====== The records

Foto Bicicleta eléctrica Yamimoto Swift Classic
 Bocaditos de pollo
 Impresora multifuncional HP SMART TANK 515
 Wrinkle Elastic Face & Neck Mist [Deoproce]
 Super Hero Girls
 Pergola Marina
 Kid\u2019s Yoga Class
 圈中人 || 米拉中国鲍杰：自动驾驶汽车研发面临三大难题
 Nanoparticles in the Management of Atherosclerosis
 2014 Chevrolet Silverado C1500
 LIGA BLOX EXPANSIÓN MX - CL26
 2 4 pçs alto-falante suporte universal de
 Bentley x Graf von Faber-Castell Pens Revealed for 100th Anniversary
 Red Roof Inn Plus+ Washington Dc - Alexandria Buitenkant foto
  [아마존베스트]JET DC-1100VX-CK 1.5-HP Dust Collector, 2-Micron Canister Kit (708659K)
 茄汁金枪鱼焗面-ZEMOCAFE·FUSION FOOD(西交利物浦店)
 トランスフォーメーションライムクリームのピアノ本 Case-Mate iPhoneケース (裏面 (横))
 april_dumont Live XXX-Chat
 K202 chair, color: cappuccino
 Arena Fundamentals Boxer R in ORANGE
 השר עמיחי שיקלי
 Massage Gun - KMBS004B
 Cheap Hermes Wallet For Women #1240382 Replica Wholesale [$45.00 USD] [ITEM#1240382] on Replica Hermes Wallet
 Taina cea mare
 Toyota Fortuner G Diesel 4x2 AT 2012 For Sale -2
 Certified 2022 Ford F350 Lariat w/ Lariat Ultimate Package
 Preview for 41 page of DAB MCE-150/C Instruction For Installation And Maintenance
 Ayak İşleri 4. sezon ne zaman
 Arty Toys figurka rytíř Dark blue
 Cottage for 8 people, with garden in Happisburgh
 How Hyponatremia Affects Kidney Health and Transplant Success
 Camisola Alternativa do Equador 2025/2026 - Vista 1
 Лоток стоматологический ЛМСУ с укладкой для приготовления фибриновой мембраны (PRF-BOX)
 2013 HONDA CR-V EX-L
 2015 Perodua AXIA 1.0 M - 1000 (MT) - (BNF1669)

============

→ What the task requires
Every entry must appear in the answer, reproduced exactly.

→ Task answer
Foto Bicicleta eléctrica Yamimoto Swift Classic
 Bocaditos de pollo
 Impresora multifuncional HP SMART TANK 515
 Wrinkle Elastic Face & Neck Mist [Deoproce]
 Super Hero Girls
 Pergola Marina
 Kid\u2019s Yoga Class
 圈中人 || 米拉中国鲍杰：自动驾驶汽车研发面临三大难题
 Nanoparticles in the Management of Atherosclerosis
 2014 Chevrolet Silverado C1500
 LIGA BLOX EXPANSIÓN MX - CL26
 2 4 pçs alto-falante suporte universal de
 Bentley x Graf von Faber-Castell Pens Revealed for 100th Anniversary
 Red Roof Inn Plus+ Washington Dc - Alexandria Buitenkant foto
  [아마존베스트]JET DC-1100VX-CK 1.5-HP Dust Collector, 2-Micron Canister Kit (708659K)
 茄汁金枪鱼焗面-ZEMOCAFE·FUSION FOOD(西交利物浦店)
 トランスフォーメーションライムクリームのピアノ本 Case-Mate iPhoneケース (裏面 (横))
 april_dumont Live XXX-Chat
 K202 chair, color: cappuccino
 Arena Fundamentals Boxer R in ORANGE
 השר עמיחי שיקלי
 Massage Gun - KMBS004B
 Cheap Hermes Wallet For Women #1240382 Replica Wholesale [$45.00 USD] [ITEM#1240382] on Replica Hermes Wallet
 Taina cea mare
 Toyota Fortuner G Diesel 4x2 AT 2012 For Sale -2
 Certified 2022 Ford F350 Lariat w/ Lariat Ultimate Package
 Preview for 41 page of DAB MCE-150/C Instruction For Installation And Maintenance
 Ayak İşleri 4. sezon ne zaman
 Arty Toys figurka rytíř Dark blue
 Cottage for 8 people, with garden in Happisburgh
 How Hyponatremia Affects Kidney Health and Transplant Success
 Camisola Alternativa do Equador 2025/2026 - Vista 1
 Лоток стоматологический ЛМСУ с укладкой для приготовления фибриновой мембраны (PRF-BOX)
 2013 HONDA CR-V EX-L
 2015 Perodua AXIA 1.0 M - 1000 (MT) - (BNF1669)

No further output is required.